Em 10 anos, quase 300 milhões de turistas chineses visitaram o maior casino do mundo, que é ao mesmo tempo o maior edifício da Ásia e o 5º maior do mundo, com uma área de 980 mil metros quadrados. Juntando todos os complexos da LVS, o número de visitas ultrapassará nesta altura os 600 milhões. A Sands controla ainda cerca de um terço de todos os quartos de hotel disponíveis em Macau.
“Esta foi a melhor aposta que já fiz na minha vida”, disse Adelson. E os números provam-no: se tudo começou em Las Vegas, a verdade é que as receitas obtidas pelo grupo nos EUA valem apenas 13 por cento. Singapura, onde a LVS tem uma das duas concessões, gera 22 por cento. Os restantes 65 por cento têm origem na RAEM.
O que é que os americanos têm?
Desde que chegou ao topo, a LVS nunca perdeu a liderança, embora tenha que partilhar com a Galaxy o primeiro lugar do operador com mais quota de mercado. Adelson e consumidor chinês criaram uma significativa empatia desde 2004, que nenhum outro concessionário conseguiu até agora desfazer.
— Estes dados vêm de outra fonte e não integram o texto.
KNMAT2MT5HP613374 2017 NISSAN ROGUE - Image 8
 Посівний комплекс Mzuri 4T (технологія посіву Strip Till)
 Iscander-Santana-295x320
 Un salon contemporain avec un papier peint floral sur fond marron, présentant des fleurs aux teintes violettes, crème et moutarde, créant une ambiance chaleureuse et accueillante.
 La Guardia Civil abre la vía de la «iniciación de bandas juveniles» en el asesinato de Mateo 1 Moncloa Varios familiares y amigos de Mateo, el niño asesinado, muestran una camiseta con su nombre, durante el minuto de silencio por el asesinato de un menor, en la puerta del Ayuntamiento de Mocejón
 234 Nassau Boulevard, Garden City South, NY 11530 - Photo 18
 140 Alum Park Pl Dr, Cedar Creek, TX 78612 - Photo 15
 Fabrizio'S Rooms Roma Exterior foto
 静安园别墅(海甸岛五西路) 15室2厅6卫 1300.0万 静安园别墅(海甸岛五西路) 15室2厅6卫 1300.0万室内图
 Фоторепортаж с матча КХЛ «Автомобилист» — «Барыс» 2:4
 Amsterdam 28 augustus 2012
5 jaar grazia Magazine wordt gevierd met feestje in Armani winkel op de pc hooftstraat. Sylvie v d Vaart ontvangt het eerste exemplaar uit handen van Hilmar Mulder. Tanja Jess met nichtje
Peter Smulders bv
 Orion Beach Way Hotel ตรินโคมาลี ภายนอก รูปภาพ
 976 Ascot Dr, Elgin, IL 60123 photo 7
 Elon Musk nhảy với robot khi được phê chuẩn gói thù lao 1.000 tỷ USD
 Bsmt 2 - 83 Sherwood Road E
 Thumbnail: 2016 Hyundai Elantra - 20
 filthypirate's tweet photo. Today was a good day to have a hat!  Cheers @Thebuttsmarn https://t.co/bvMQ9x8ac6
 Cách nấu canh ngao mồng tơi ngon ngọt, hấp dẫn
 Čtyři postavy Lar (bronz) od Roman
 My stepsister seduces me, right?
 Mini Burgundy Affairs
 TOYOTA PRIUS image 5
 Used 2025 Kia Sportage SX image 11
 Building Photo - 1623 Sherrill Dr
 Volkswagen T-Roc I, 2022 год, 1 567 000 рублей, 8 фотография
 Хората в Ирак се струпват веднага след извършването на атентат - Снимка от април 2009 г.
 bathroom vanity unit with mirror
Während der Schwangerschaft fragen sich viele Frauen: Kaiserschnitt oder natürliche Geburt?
A explicação poderá ter a ver com o pioneirismo, mas também com o facto de Sheldon Adelson ter apostado em trazer para Macau as principais características dos seus casinos nos Estados Unidos. Esta história é bem reveladora: conta-se que, antes de abrirem o Sands, diversos colaboradores da LVS percorriam, às mais variadas horas, os principais casinos da SJM para perceberem as suas idiossincrasias.
Uma delas tinha a ver com a cor das carpetes das salas de jogo e do feltro das mesas. No Lisboa e no Jai Alai as carpetes eram pretas e as mesas de um cinzento fosco. Os ‘espiões’ estavam confusos e tinham receio que as cores fossem superstição ou fong-soi. Até que, entre receios, um administrador da LVS decidiu que deveria ser como nos EUA: carpetes coloridas e feltros verdes.
Só mais tarde se descobriu que quer no Lisboa quer no Jai Alai as carpetes também tinham sido, em tempos, coloridas, mas estavam negras porque nunca tinham sido lavadas. Nas mesas, quando novas, também houve panos verdes, mas sujaram-se e estragaram-se e nunca foram substituídas.